Now, Trump has set his sights on the Hmong and Lao populations in the United States. The funding of a reintegration program to help Laos accept nationals with final orders of removal will dramatically increase the deportation of Hmong and Lao immigrants in the United States. (Constante, 2020) According to an Immigration and Customs Enforcement spokeswoman, there are 4,716 undetained Lao nationals with a final order of removal in the U.S. dating back to as early as 2001. With this reintegration program in place, these US residents who have been living in the United States and building lives and families for decades may find their lives uprooted. (Constante, 2020)
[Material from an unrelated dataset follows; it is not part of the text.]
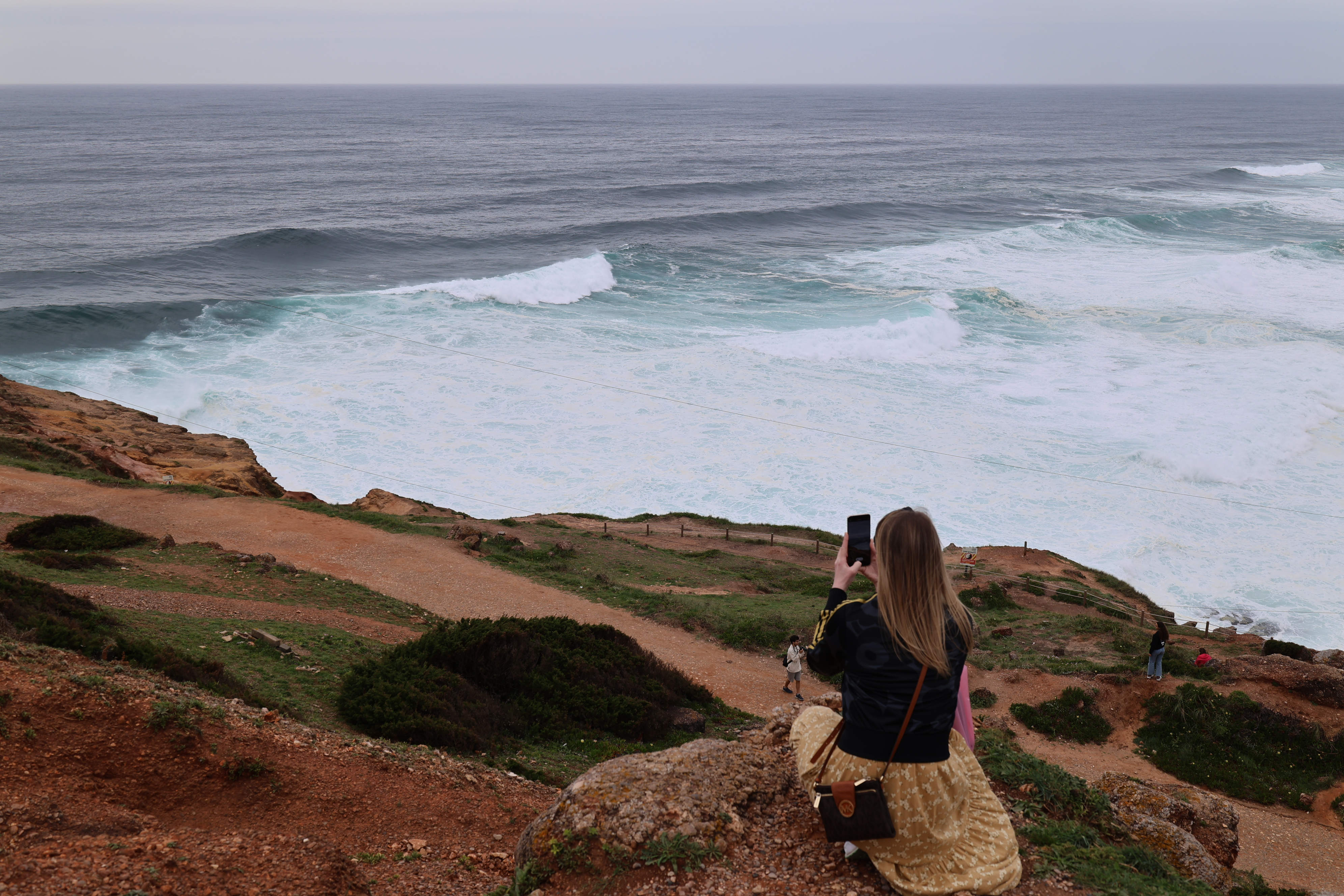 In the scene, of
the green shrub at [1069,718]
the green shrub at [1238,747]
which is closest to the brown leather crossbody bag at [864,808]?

“Give me your tired, your poor, Your huddled masses yearning to breathe free, The wretched refuse of your teeming shore. Send these, the homeless, tempest-tost to me, I lift my lamp beside the golden door!” (Lazarus,1883) While the beliefs expressed in this poem may be a myth, they are undoubtedly aspirational. We cannot make America great again, but it is past time that we try living up to the ideals of freedom, equality, and opportunity. With primary season in progress, make sure you are registered to vote and that you are doing your research and supporting the candidate that best represents the values you want to be inscribed upon our nation. The secret of change is to focus all of your energy, not on fighting the old, but on building the new.